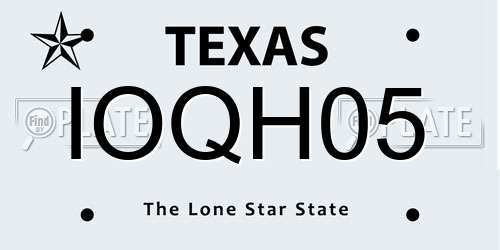 IOQH05 Texas License Plate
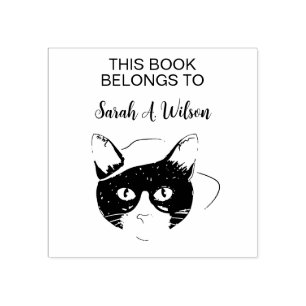 Cool Nerdy Art Cat Book Belongs Personalised Book Rubber Stamp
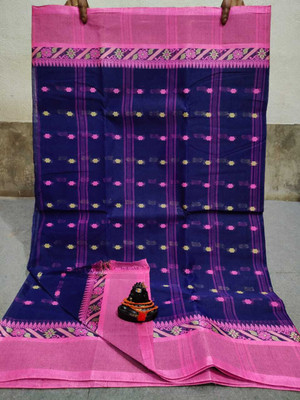 PUJA SHAREE CENTRE Self Design Tant Cotton Blend Saree(Dark Blue)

TASK TO CARRY OUT —
Reproduce every line above exactly, pictures excluded.

WRITTEN ANSWER —
 IOQH05 Texas License Plate
 Cool Nerdy Art Cat Book Belongs Personalised Book Rubber Stamp
 PUJA SHAREE CENTRE Self Design Tant Cotton Blend Saree(Dark Blue)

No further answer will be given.